[Exercise directions] Set down the line that has "Puma Bvb Warm Up Jersey Men In Black" and each line beneath it, through the last line of the entries, exactly and with no others.

=-=-=-=-=

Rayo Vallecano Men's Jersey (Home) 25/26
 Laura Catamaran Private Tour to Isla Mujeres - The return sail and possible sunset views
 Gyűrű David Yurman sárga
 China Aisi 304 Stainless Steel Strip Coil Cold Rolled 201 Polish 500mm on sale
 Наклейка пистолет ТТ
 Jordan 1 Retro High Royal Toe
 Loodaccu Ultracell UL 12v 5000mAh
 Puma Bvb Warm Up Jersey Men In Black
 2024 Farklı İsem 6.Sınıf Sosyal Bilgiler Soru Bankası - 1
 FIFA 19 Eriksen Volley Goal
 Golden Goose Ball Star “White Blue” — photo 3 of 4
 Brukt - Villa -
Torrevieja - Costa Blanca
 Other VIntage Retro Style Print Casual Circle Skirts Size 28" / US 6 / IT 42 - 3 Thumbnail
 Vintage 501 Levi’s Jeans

=-=-=-=-=

[Exercise response]
 Puma Bvb Warm Up Jersey Men In Black
 2024 Farklı İsem 6.Sınıf Sosyal Bilgiler Soru Bankası - 1
 FIFA 19 Eriksen Volley Goal
 Golden Goose Ball Star “White Blue” — photo 3 of 4
 Brukt - Villa -
Torrevieja - Costa Blanca
 Other VIntage Retro Style Print Casual Circle Skirts Size 28" / US 6 / IT 42 - 3 Thumbnail
 Vintage 501 Levi’s Jeans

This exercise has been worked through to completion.